At a high levelIn this post we will do the following:
- Review the AXI graphics core
- Simulate the core
- Generate an IP core
- Incorporate the IP core in a Pynq Z2 Project
- Upload the project to Pynq
- Demonstrate the image
In the IP-core repo move to the 'axi_graphics' directory.
cd <ip-cores>/cores/axi_graphics
in the 'hdl' directory we'll find the 'axi_graphics.v' core along with the boilerplate AXI support files.

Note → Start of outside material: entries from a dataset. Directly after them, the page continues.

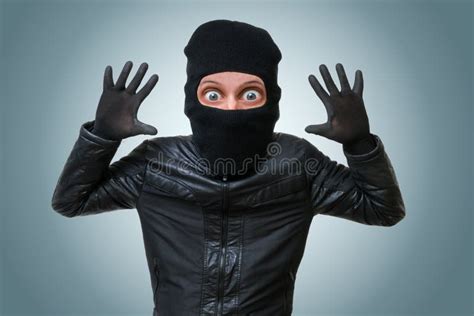 212 Burglar Robber Hands Up Stock Photos - Free & Royalty-Free Stock Photos from Dreamstime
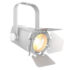 Chauvet DJ EVE TF-20 White Accent Light 20W LED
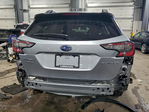 Subaru Outback 2024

axi_defines.v axi_graphics.v axi_lite_slave.v
The 'axi_defines.v' and 'axi_lite_slave.v' files are what you would expect, the only big difference is the axi_graphics.v core.
axi_graphics.v
As mentioned above this core was influenced by this post so if you want to learn more about generating graphics (and even expand on this) you will find a much better writeup there, I'll only be going over the changes that were needed to get the graphics core compatible with AXI lite and AXI streams.
Defines
...
`define DEFAULT_WIDTH 640
`define DEFAULT_HEIGHT 480
//Given a 100MHz reference clock, 60Hz Output
`define DEFAULT_INTERVAL 1666666
`define CTL_BIT_ENABLE 0
`define CTL_BIT_RGBA_FMT 1
...
There are other defines related to graphics but the most relevant to the video output are the image size and the timer for the 60Hz output video. The value can be changed to suit your board. You can also make this into a parameter that can be configured by Vivado itself.
Ports
...
//Read Data Channel
output reg o_axis_out_tuser,
output o_axis_out_tvalid,
input i_axis_out_tready,
output [AXIS_DATA_WIDTH - 1: 0]o_axis_out_tdata,
output o_axis_out_tlast
);
...
The only other part added to the top-level ports is the video output stream, this time we will make use of the 'tuser' and 'tlast' signals.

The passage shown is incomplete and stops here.